The clinic had one Mongolian doctor, and one ‘Western’ doctor. Not knowing what medical training was like in Mongolia, I opted for the Western doctor. The doctor, Dr. Peter, turned out to be a Bulgarian (what are the medical training standards in Bulgaria, I wonder?). Upon describing my accident to Dr. Peter he laughed at me and then asked why In the world I decided to come to Mongolia. I told him it was pretty and he told me that he was trying to get out of there as soon as possible and that it was the worst place he’s ever been and that Iraq was a better place to be. Okay…. but could he diagnose what was wrong with my arm? He felt around a bit (didn’t even ask me to remove my long sleeve shirt) and sent me for an x-ray.
I was close to tears at this point, longing for the friendly, interactive treatment I am used to at home. Thankfully the Mongolian woman who took my x-rays was very nice and made me feel much better about my experience there (maybe I should have checked my prejudices at the door and opted for the Mongolian doctor – it would have also saved me $100). She took some x-rays and then sent me back to the waiting room whilst Dr. Peter took a look.
While waiting for Dr. Peter to do his magic we had the pleasure of overhearing an American woman, who had apparently recently arrived in Mongolia to work as a teacher, talking to the front desk staff. She apparently was really offended by one of the forms she was asked to fill out, a Medical Information Release form, which gave her the option of allowing the clinic to release her information to her employers, insurance company or another hospitals. I filed out the form too, I just didn’t check to box allowing them to give out information to my employer (not that I have one to give information to anyway). She went on and on about how in “America you NEVER give out medical information” and that if they were “going to provide services to Americans, they need to do things the way Americans do things”.
The poor women behind the counter just smiled and took the abuse as the woman got more and more indignant and berated these poor women. Stuart and I sunk down in our chairs and cursed her under our breath for upholding those American stereotypes we’ve been trying so hard to get away from. I chuckled when I thought about the service she would get from Dr. Peter (In AMERICA the doctor does not laugh at the patient in her face).

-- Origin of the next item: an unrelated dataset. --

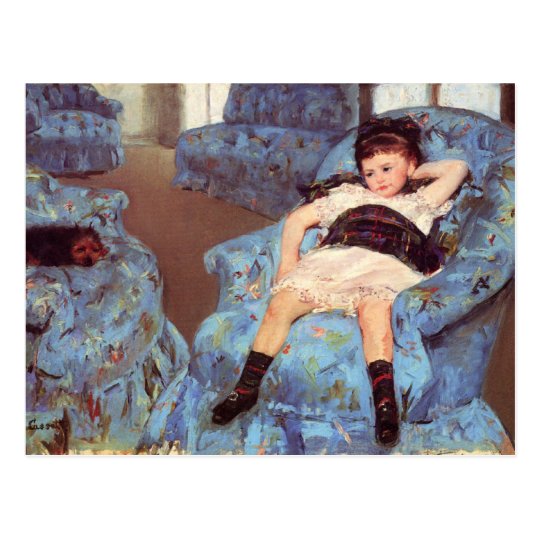 Mary Cassatt Girl in Blue Armchair Fine Art Postcard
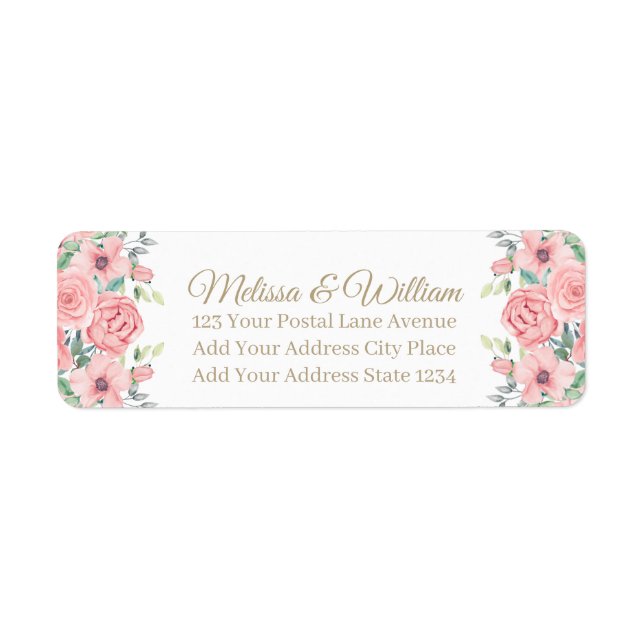 Étiquette Aquarelle Bride Mariage de chambre Adresse de reto (Devant)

Soon after my x-rays were dropped off (at least things here were fast) Dr. Peter pointed to me, called me the wrong name and beckoned me back to his office. He showed me my x-rays and pointed out the fracture. Then he filled me in on what my treatment options were. I asked a lot of questions, but had a hard time following. I’m pretty sure he said something about my hand dying and falling off. At the end of our ‘discussion’ we (i.e. he) decided that I should wear a sling and keep my arm immobile for a while. He called a nurse in to help with the sling, who apparently moved too slow for him because he cursed her and all Mongolians as she came though the door. The poor nurse looked like she had to put up with a lot from Dr. Peter. He asked me again in front of the her why on earth I came to Mongolia and I told him that the country was really beautiful and the nurse added what I was about to say, that the people were really nice. Dr. Peter scoffed. He was nice enough to give the nurse a ‘present’ after she helped tie the sling, an extra safety pin, she said she would ‘keep it forever’. Maybe Dr. Peter was all bark and no bite after all. He asked me to come back in a week so that we could discuss ‘rehabilitation’ At $200 a pop, I don’t think so!